Wichtigstes Thema ist die - mal wieder - aktuelle Debatte über die Reform der Juristenausbildung. Die BSK beteiligt sich an dieser Diskussion mit Gesprächen bei den zuständigen Ministern und Referenten, mit Anwaltsvertretungen und Mitgliedern der Universitäten.

Dabei beschränkt sich die BSK nicht darauf, die Mängel der derzeitigen Ausbildung zu beklagen und die Schwächen des Modells der Justizministerkonferenz aufzuzeigen. Wir haben ein eigenes Ausbildungsmodell entwickelt, das bei einer Beibehaltung der Qualitätsstandards und der breiten Einsatzmöglichkeiten deutscher Juristen die Ausbildungszeiten verkürzen, Schwerpunktsetzung ermöglichen und die Examensfixierung mit all ihren negativen Konsequenzen beseitigen soll. Dazu gibt es auch eine Synopse der aktuellen Jura-Ausbildung, des JuMiKo- und des BSK-Modelles, die angefordert werden kann.

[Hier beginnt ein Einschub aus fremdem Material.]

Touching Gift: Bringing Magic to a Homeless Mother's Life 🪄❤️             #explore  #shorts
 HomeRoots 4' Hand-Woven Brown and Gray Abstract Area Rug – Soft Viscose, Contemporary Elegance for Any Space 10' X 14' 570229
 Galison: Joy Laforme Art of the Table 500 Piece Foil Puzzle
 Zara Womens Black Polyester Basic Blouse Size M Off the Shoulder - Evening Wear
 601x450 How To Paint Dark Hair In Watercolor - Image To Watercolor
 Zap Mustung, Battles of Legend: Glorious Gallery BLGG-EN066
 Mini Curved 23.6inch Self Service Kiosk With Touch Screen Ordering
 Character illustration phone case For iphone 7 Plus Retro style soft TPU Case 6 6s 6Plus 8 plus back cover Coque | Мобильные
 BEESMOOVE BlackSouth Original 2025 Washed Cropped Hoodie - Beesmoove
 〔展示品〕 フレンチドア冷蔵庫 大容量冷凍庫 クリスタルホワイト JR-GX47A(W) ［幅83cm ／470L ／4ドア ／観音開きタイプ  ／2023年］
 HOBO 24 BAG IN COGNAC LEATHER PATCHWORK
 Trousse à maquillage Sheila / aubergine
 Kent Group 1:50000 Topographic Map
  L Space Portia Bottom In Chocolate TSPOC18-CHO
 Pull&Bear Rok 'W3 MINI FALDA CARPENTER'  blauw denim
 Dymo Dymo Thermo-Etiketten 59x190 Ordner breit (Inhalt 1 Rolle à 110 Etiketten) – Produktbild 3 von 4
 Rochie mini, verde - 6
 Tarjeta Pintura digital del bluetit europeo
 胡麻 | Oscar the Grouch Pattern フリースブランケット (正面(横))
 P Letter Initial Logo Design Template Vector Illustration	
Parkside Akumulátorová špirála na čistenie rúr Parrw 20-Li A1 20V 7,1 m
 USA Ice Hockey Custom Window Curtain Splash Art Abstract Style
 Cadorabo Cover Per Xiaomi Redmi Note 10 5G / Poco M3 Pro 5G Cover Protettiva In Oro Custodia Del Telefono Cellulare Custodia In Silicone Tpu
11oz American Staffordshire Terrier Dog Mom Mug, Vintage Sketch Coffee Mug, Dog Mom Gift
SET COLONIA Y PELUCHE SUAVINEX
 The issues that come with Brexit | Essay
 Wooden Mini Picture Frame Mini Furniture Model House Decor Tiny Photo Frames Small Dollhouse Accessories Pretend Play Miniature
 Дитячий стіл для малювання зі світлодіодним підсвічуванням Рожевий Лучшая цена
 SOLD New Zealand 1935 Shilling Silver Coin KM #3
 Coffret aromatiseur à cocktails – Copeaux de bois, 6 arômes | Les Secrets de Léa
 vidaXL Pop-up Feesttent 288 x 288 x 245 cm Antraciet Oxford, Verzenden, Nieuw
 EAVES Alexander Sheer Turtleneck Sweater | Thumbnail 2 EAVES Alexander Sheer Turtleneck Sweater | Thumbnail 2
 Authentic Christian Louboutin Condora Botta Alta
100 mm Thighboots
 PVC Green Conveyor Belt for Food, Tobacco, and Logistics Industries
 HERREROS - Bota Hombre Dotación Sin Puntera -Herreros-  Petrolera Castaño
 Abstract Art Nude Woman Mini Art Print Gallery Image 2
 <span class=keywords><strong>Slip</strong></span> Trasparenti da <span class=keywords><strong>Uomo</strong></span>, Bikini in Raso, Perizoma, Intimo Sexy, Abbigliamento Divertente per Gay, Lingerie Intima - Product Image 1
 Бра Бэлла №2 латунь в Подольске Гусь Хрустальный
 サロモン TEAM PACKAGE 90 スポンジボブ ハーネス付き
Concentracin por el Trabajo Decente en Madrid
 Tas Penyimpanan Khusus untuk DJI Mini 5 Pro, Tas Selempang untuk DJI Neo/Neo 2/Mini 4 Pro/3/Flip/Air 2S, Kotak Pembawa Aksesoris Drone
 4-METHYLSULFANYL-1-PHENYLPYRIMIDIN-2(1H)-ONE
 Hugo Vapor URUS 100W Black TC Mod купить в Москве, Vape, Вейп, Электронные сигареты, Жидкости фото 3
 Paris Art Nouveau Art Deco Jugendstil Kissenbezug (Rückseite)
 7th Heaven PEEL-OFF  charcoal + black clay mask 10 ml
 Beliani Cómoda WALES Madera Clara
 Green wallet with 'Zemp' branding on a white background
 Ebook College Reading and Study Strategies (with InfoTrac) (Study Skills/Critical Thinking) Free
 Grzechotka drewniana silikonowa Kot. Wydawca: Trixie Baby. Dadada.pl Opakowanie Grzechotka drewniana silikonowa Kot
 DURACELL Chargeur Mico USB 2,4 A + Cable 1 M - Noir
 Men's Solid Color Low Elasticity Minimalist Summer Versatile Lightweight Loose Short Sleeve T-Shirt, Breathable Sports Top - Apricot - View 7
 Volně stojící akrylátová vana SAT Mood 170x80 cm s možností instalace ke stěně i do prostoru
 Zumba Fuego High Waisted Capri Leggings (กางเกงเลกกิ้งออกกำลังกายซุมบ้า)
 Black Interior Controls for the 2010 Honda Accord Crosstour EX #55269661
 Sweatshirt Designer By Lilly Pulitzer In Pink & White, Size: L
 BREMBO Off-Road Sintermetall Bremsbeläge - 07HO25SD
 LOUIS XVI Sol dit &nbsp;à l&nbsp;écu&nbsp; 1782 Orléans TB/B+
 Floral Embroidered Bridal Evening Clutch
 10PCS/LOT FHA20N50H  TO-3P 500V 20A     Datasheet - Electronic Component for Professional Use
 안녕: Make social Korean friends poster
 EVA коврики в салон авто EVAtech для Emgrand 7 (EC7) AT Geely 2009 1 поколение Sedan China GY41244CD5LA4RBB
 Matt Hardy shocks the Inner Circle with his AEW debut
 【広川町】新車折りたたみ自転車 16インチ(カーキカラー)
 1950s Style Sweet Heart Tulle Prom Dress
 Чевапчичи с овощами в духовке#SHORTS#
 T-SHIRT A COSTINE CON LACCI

Weitere Texte/Schreiben der BSK zum Thema Juristenausbildung:

- noch immer aktuelle Pressemitteilung aus dem Februar 2000

- Schreiben an die Justizministerkonferenz, die sich eigentlich auf der Frühjahrstagung mit dem Thema beschäftigen wollte.

- Schreiben an die F.D.P.-Bundestagsfraktion, die einen Gesetzentwurf zur Reform der Juristenausbildung vorgelegt hat

- Eine Vorstellung der verschiedenen Modelle, die zur Diskussion stehen - oder besser: standen, nachdem die Justizministerkonferenz nun eine (höflich vormuliert) “kleine” Reform beschlossen hat, findet sich in einem justament-Artikel: “Der Streit um die zukünftige Juristenausbildung” (Nov. 2000)

- Interview in AdVoice (Dez. 2000) zur Ausbildungsdebatte

Zum Thema: Dietmar Hipp im Spiegel Online am 15. Juni 2001 zu: “Juristenausbildung - Druck im Becken”.

Weiterer Schwerpunkt der Arbeit der BSK ist die Verbesserung des Informationsaustausches zwischen den Ländern und ihren Referendarorganisationen. Die “Vernetzung” der verschiedenen Landesverbände und der Justizministerien und Ausbildungsverwaltungen erfolgt durch die BSK.

Ein “Referendarführer” ist in Arbeit. Wir warten weiterin noch auf wenige Ergänzungen von einigen Justizprüfungsämtern. Angehende Juristen sollen anhand dieses Heftes bereits vor Beginn des eigenen Referendariats die Gemeinsamkeiten und zum Teil doch erheblichen Unterschiede in den einzelnen Bundesländern im Überblick vergleichen können. Dies erleichtert die Entscheidung für ein Bundesland. Und auch während des Referendariats kann eine solche Übersicht viele wichtige Informationen liefern, besonders in Fällen, in denen das Referendariat nicht an einem Ort abgeleistet werden soll.

Einen guten Überblick bietet jedenfalls schon die JuS auf ihrer Homepage unter “Referendariat”.